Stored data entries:
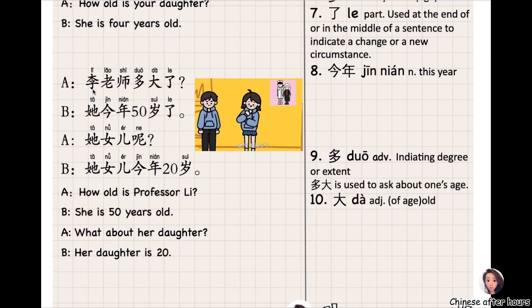李老师多大了? 李老师 — 李 is the last name, 老师 means 'teacher.' 多大了 — 多 means 'how,' 大 means 'big,' and together 多大 can mean 'how old.' So 李老师多大了 means 'How old is Teacher Li?' 她今年五十岁了 — she is fifty years old this year.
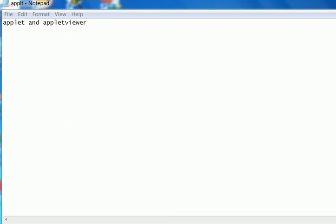Hello viewers, welcome to my channel at exhibition. Today I will discuss applet and applet viewer. Applet is nothing but a tool which is used in Java to create a graphic user interface.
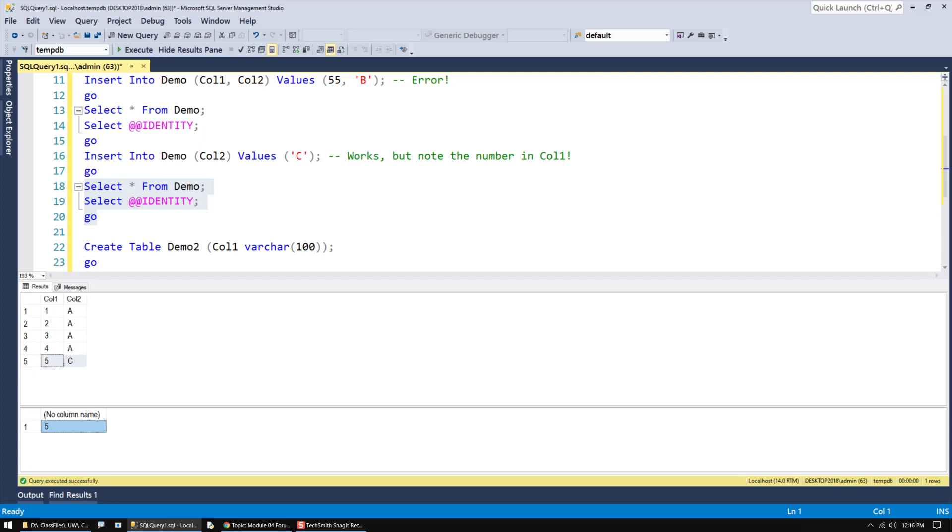On certain occasions, depending on what type of error occurs, you may see it skip a number. In other words, instead of being 5, it may have been 6, depending on if I violated a constraint, like a check constraint or something. In those cases, then you have to manually either fix it by updating the numbers or adding a new number or just ignore it.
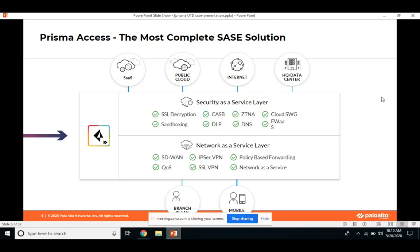ZTNA — zero trust network access — removes trust assumptions when users, devices, or applications connect from anywhere across the globe. It doesn't matter where you're connecting from, who is connecting, what is connecting, or what time — you still make sure you secure the complete session regardless of any other context.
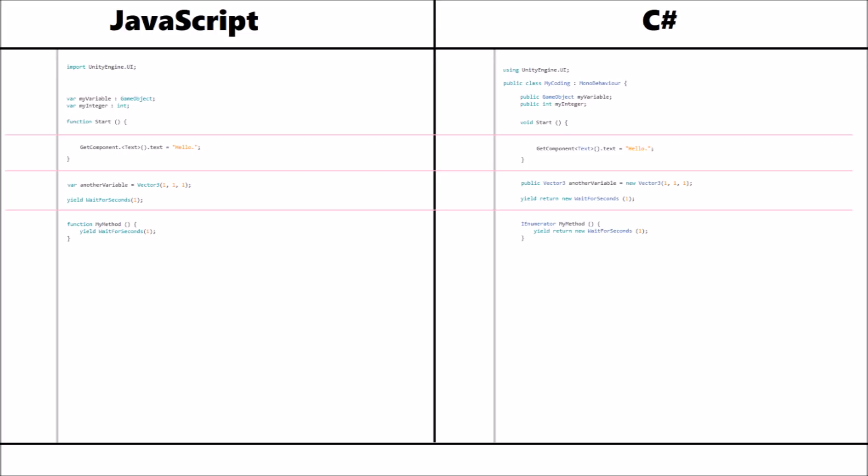You have to use an IEnumerator. At any point where you want to control the flow of time, for example in Unity, you have to use the IEnumerator. In JavaScript, to call these methods, you would just place that method name into the script. Whereas in C-sharp you have to use start coroutine to start that up.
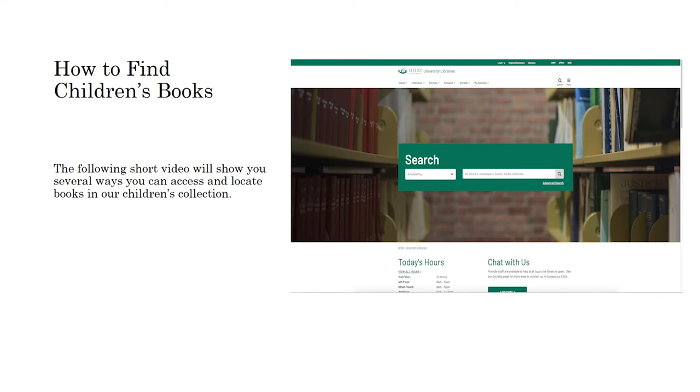Hello and welcome. The following short video will show you several ways you can access and locate books in our children's collection.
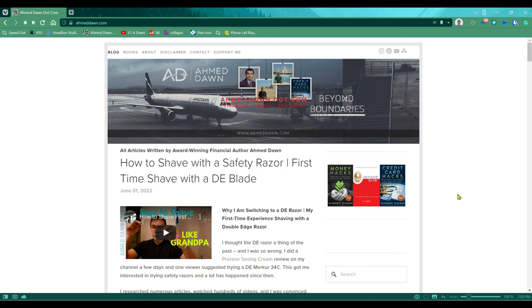Today I'll show you how to access and use the reading list in Vivaldi browser. We're looking at amitdan.com, which is my own website. Let's say you'd like to add this page to the Vivaldi reading list — that's what I'll show you today.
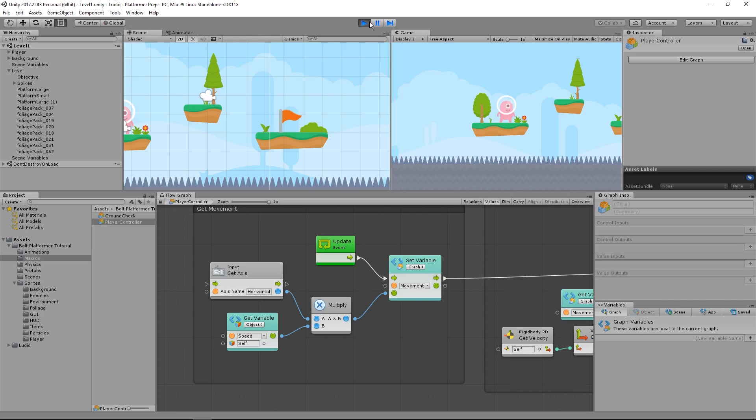Hey guys, welcome back in this fourth lesson for the official Bolt series.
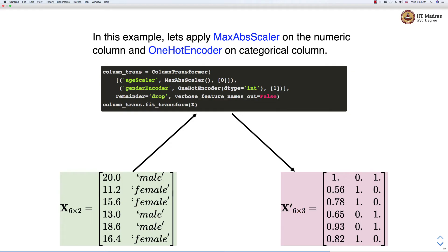This is how ColumnTransformer works. It allows us to apply different transformations to different feature columns based on their types.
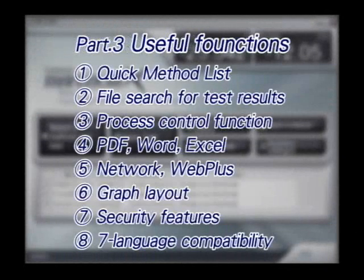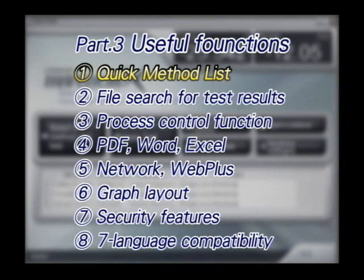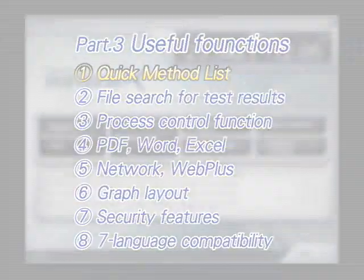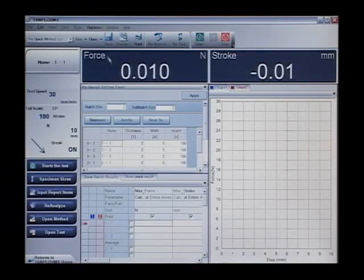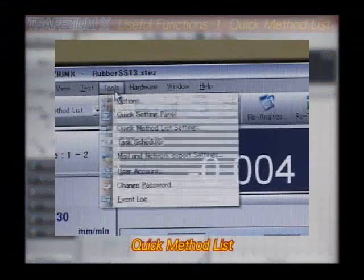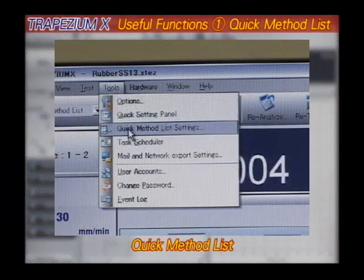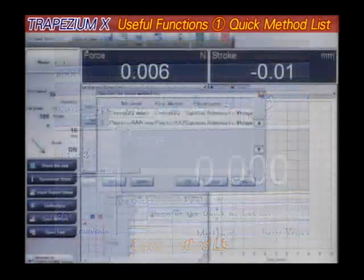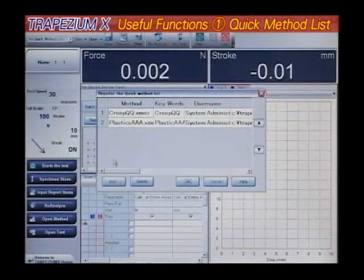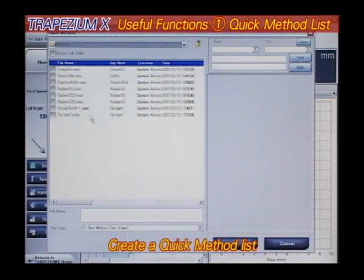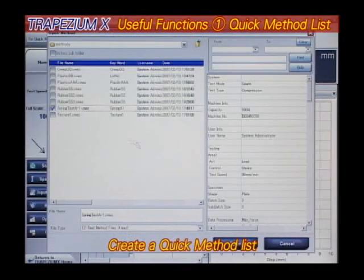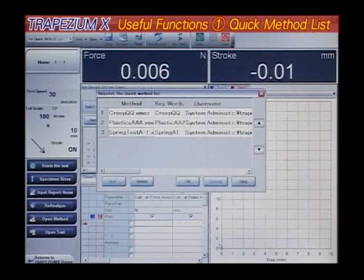Additionally, the Trapezium X software includes a number of other useful features. Quick Method List: registering previous tests and parameter settings allows you to recall those settings in a single, simple step.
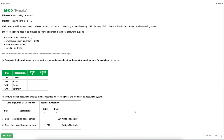Let's swap over to the mock and make a start. Task five is worth 10 marks and is about using the journal. This task contains parts A through to C. Mark runs a small ice cream sales business. He has produced accounts using a spreadsheet up until the 1st of January but now wishes to start using a cloud accounting system. The following items need to be included as opening balances: an ice cream van as an asset, sweets and ice cream as inventory, a bank overdraft, and capital.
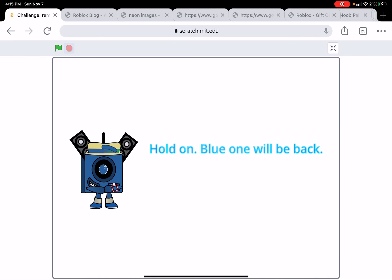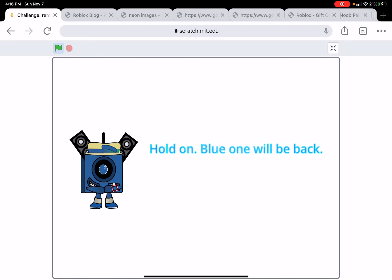But yeah, one more thing: don't make it like Rule 34 or something. I don't want to see that, so don't do that. Anyways, I'll see you next time. Goodbye, and here's the outro.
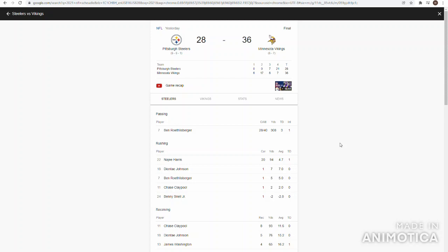Big Ben 28-40, 308 yards, three touchdowns. The pick wasn't really a bad pass. Najee Harris was really efficient but they got down, so he only had 20 carries for 69 yards and a touchdown. One of his best games I'd say. Chase Claypool 8 for 93, good game. He did celebrate at the end though, which was really stupid because they might have actually had a chance of tying it.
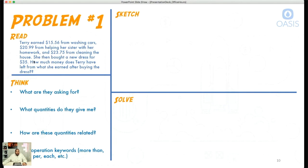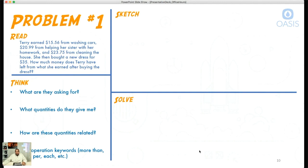Terry earned $15.56 from washing cars, $20.99 from helping her sister with homework, and $23.75 from cleaning the house. She then bought a new dress for $35. How much does Terry have left from what she earned after buying the dress? We read it — now we're thinking. What are they asking for? At the end of the day, what do they want from us?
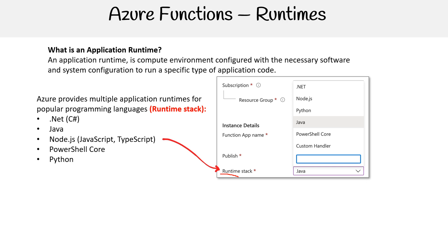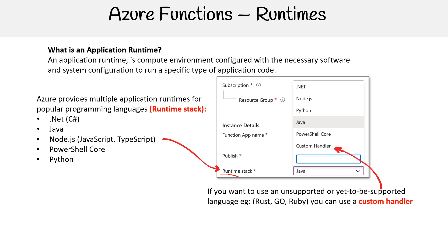Unfortunately, it does not have Ruby at the time of recording this. But if you want something that's not there, you can implement your own custom handler. I believe they have an example for Rust or Go in the documentation. That's something that's on the table for the exam. But in practice, it's really hard to get a working custom handler.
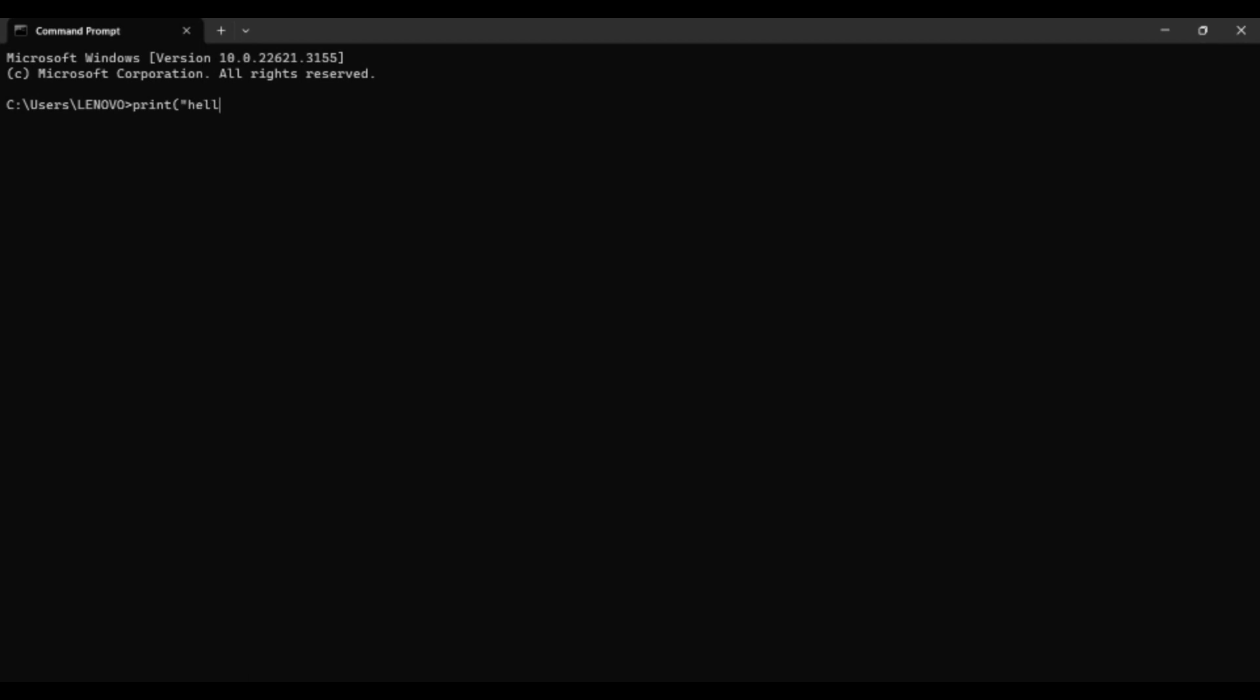Why do you get this error? The reason is simple: the issue arises because the Windows command line program named 'print' conflicts with the Python print function. The Windows command line program named 'print' is used to print documents or files in your system.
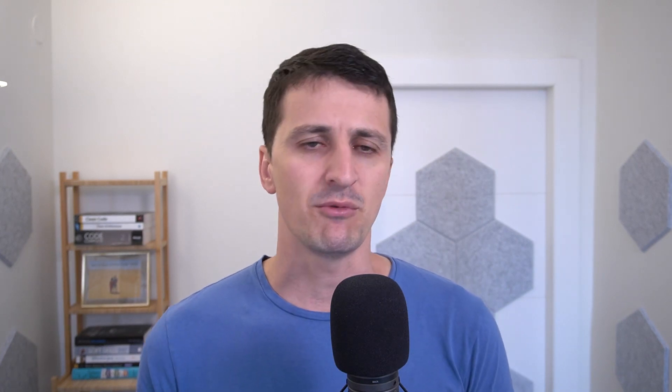So we say that Android SDK is a collection of tools, libraries and resources. So which tools go into this collection? Let's just name some of them. First of all, there are Android APIs.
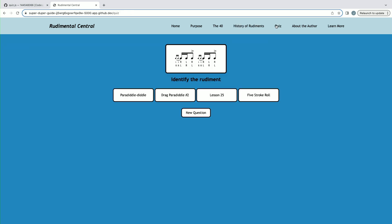We also have an interactive quiz where it presents the user with a random rudiment from the 40, and you have to identify it. In this case, the answer is going to be Lesson 25.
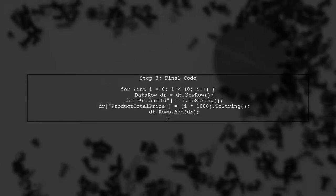Now, with this change, each iteration will create a new data row, allowing you to add different data to the data table successfully.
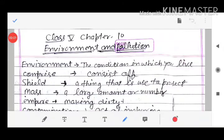Good morning, students of Class 5th. Today I am going to teach you SST Chapter 10, Environment and Pollution.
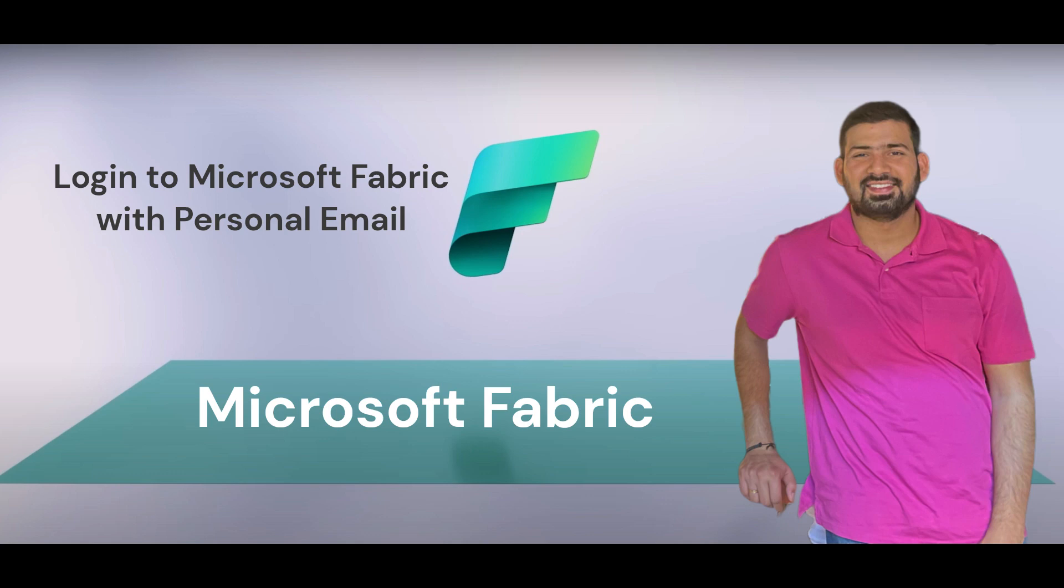Hi everyone, in today's video we are going to learn about how to log in to your Microsoft Fabric account using personal email. Let's get started.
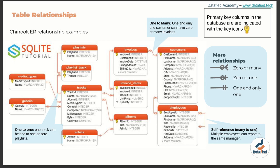The self-referencing relationship is seen in the employees table, where the table is related to itself: the employee ID is connected to the 'reports to' column. Each employee reports to a particular manager, so the 'reports to' column stores the manager's employee ID. This is a perfect example of a self-referencing relationship, and it's a one-to-many relationship — meaning several employees report to one manager.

- TASK DESCRIPTION
Could you transcribe all of the data exactly and omit the pictures?

- EXERCISE RESPONSE
李老师多大了? 李老师 — 李 is the last name, 老师 means 'teacher.' 多大了 — 多 means 'how,' 大 means 'big,' and together 多大 can mean 'how old.' So 李老师多大了 means 'How old is Teacher Li?' 她今年五十岁了 — she is fifty years old this year.
Hello viewers, welcome to my channel at exhibition. Today I will discuss applet and applet viewer. Applet is nothing but a tool which is used in Java to create a graphic user interface.
On certain occasions, depending on what type of error occurs, you may see it skip a number. In other words, instead of being 5, it may have been 6, depending on if I violated a constraint, like a check constraint or something. In those cases, then you have to manually either fix it by updating the numbers or adding a new number or just ignore it.
ZTNA — zero trust network access — removes trust assumptions when users, devices, or applications connect from anywhere across the globe. It doesn't matter where you're connecting from, who is connecting, what is connecting, or what time — you still make sure you secure the complete session regardless of any other context.
You have to use an IEnumerator. At any point where you want to control the flow of time, for example in Unity, you have to use the IEnumerator. In JavaScript, to call these methods, you would just place that method name into the script. Whereas in C-sharp you have to use start coroutine to start that up.
Hello and welcome. The following short video will show you several ways you can access and locate books in our children's collection.
Today I'll show you how to access and use the reading list in Vivaldi browser. We're looking at amitdan.com, which is my own website. Let's say you'd like to add this page to the Vivaldi reading list — that's what I'll show you today.
Hey guys, welcome back in this fourth lesson for the official Bolt series.
This is how ColumnTransformer works. It allows us to apply different transformations to different feature columns based on their types.
Additionally, the Trapezium X software includes a number of other useful features. Quick Method List: registering previous tests and parameter settings allows you to recall those settings in a single, simple step.
Let's swap over to the mock and make a start. Task five is worth 10 marks and is about using the journal. This task contains parts A through to C. Mark runs a small ice cream sales business. He has produced accounts using a spreadsheet up until the 1st of January but now wishes to start using a cloud accounting system. The following items need to be included as opening balances: an ice cream van as an asset, sweets and ice cream as inventory, a bank overdraft, and capital.
But yeah, one more thing: don't make it like Rule 34 or something. I don't want to see that, so don't do that. Anyways, I'll see you next time. Goodbye, and here's the outro.
Big Ben 28-40, 308 yards, three touchdowns. The pick wasn't really a bad pass. Najee Harris was really efficient but they got down, so he only had 20 carries for 69 yards and a touchdown. One of his best games I'd say. Chase Claypool 8 for 93, good game. He did celebrate at the end though, which was really stupid because they might have actually had a chance of tying it.
Terry earned $15.56 from washing cars, $20.99 from helping her sister with homework, and $23.75 from cleaning the house. She then bought a new dress for $35. How much does Terry have left from what she earned after buying the dress? We read it — now we're thinking. What are they asking for? At the end of the day, what do they want from us?
Unfortunately, it does not have Ruby at the time of recording this. But if you want something that's not there, you can implement your own custom handler. I believe they have an example for Rust or Go in the documentation. That's something that's on the table for the exam. But in practice, it's really hard to get a working custom handler.
Why do you get this error? The reason is simple: the issue arises because the Windows command line program named 'print' conflicts with the Python print function. The Windows command line program named 'print' is used to print documents or files in your system.
So we say that Android SDK is a collection of tools, libraries and resources. So which tools go into this collection? Let's just name some of them. First of all, there are Android APIs.
We also have an interactive quiz where it presents the user with a random rudiment from the 40, and you have to identify it. In this case, the answer is going to be Lesson 25.
Now, with this change, each iteration will create a new data row, allowing you to add different data to the data table successfully.
Good morning, students of Class 5th. Today I am going to teach you SST Chapter 10, Environment and Pollution.
Hi everyone, in today's video we are going to learn about how to log in to your Microsoft Fabric account using personal email. Let's get started.
The self-referencing relationship is seen in the employees table, where the table is related to itself: the employee ID is connected to the 'reports to' column. Each employee reports to a particular manager, so the 'reports to' column stores the manager's employee ID. This is a perfect example of a self-referencing relationship, and it's a one-to-many relationship — meaning several employees report to one manager.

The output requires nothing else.